* **TASK PROMPT**:
Using the records below, quote only the span that opens with the line containing "US President Donald Trump's visit to Paris" and closes with the line containing "iphone case Blush", exactly and inclusively.

* **WORKING DATA**:
____
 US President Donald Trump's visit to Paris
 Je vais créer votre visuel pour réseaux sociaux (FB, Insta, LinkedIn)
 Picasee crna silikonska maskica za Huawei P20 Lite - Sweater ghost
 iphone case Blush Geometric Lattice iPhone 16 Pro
____
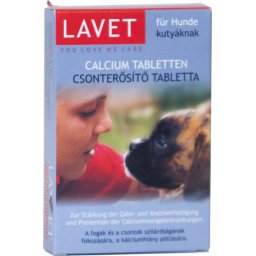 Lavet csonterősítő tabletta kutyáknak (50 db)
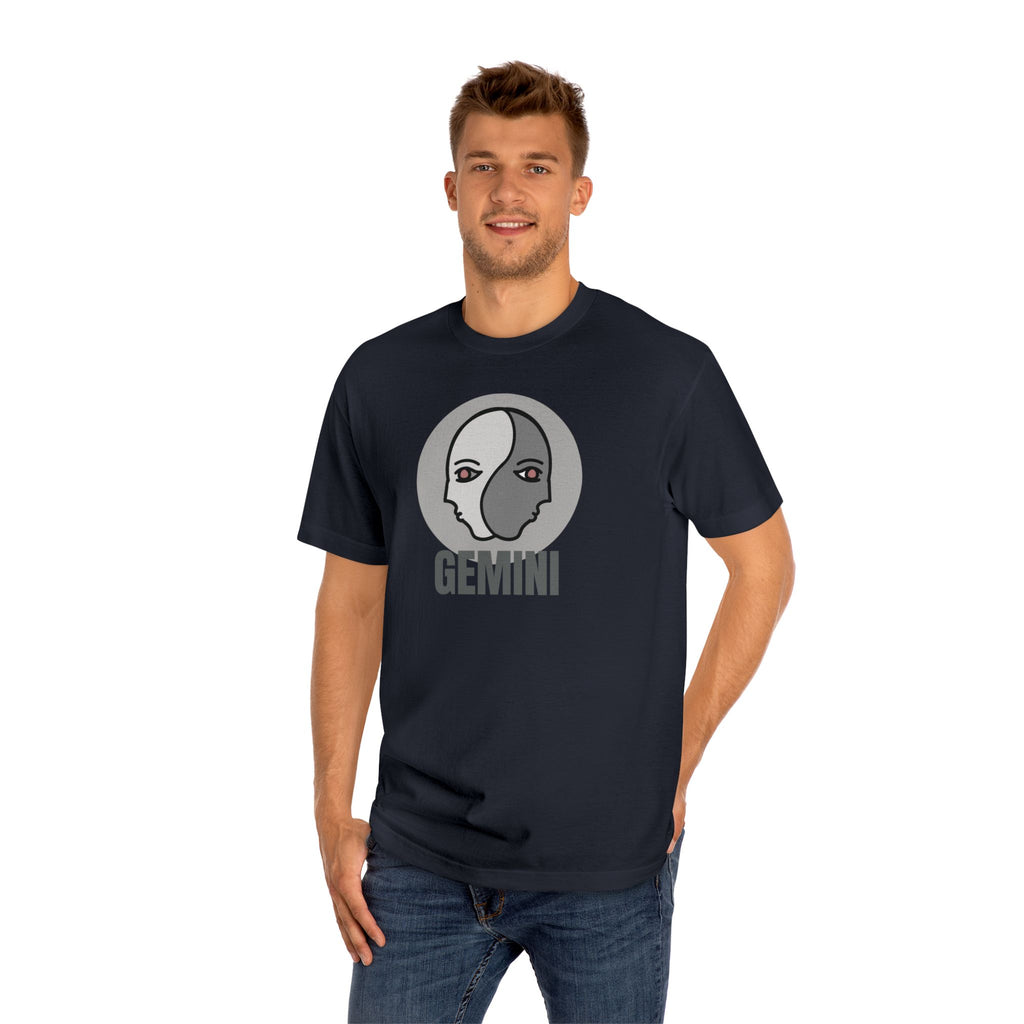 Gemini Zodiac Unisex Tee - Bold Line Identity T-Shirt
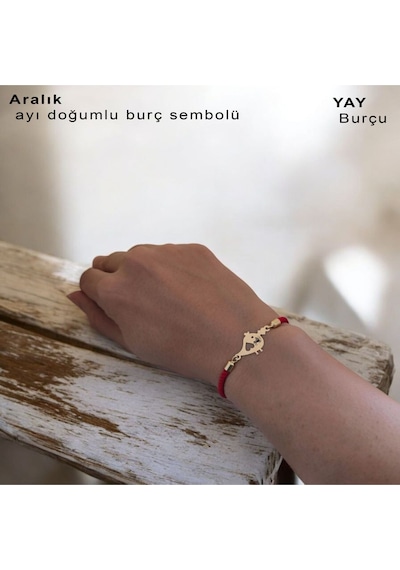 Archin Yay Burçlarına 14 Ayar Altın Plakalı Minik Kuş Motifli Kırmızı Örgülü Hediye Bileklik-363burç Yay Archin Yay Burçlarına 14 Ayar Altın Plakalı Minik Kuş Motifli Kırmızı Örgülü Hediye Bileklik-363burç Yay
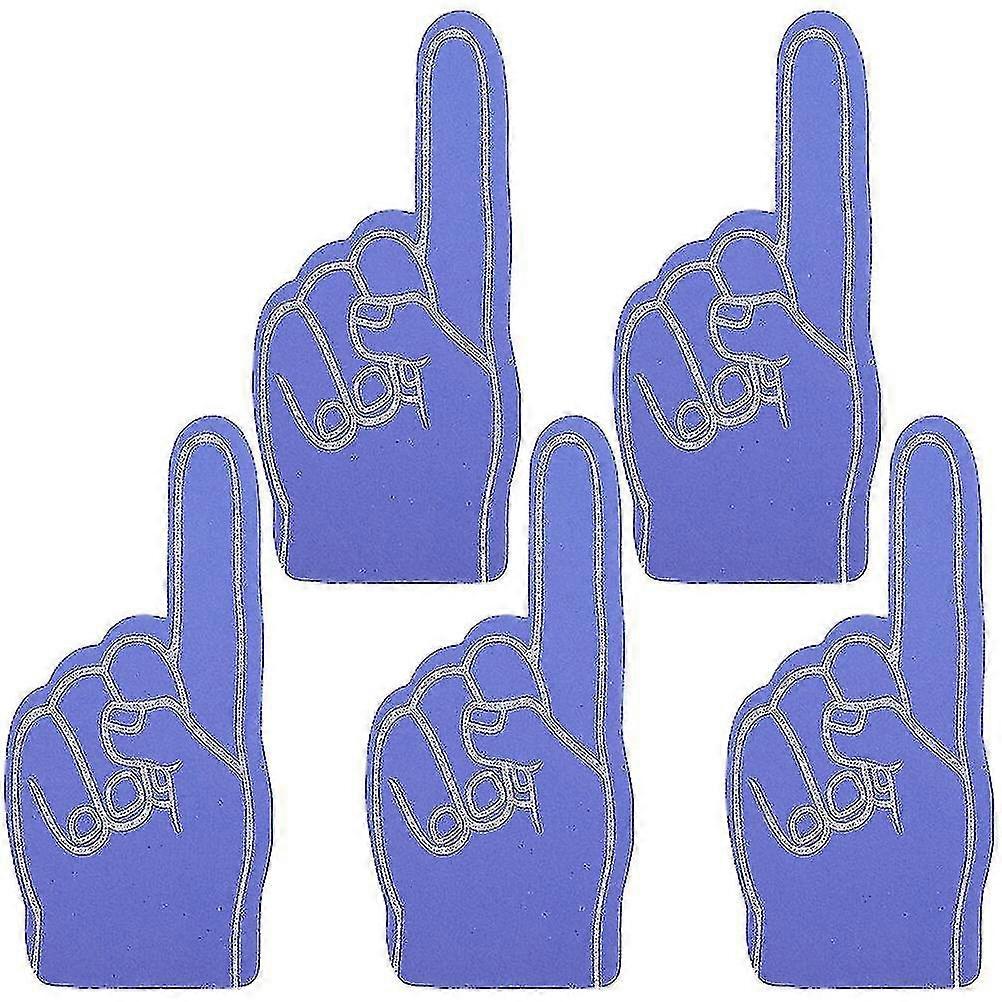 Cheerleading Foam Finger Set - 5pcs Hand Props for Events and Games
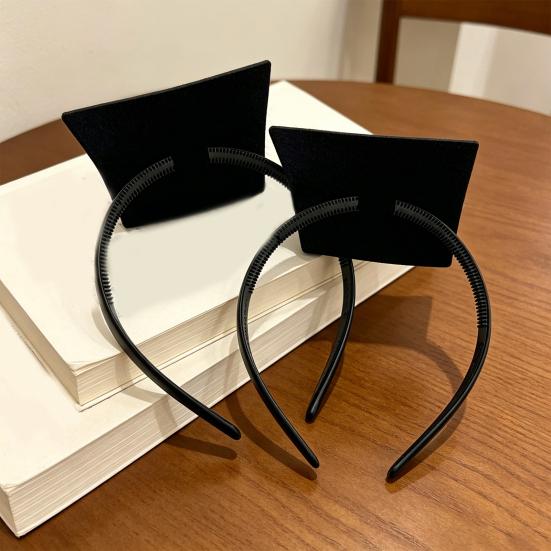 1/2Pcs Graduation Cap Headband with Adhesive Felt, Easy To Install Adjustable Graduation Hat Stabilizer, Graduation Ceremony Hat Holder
____
* **EXERCISE OUTPUT**:
 US President Donald Trump's visit to Paris
 Je vais créer votre visuel pour réseaux sociaux (FB, Insta, LinkedIn)
 Picasee crna silikonska maskica za Huawei P20 Lite - Sweater ghost
 iphone case Blush Geometric Lattice iPhone 16 Pro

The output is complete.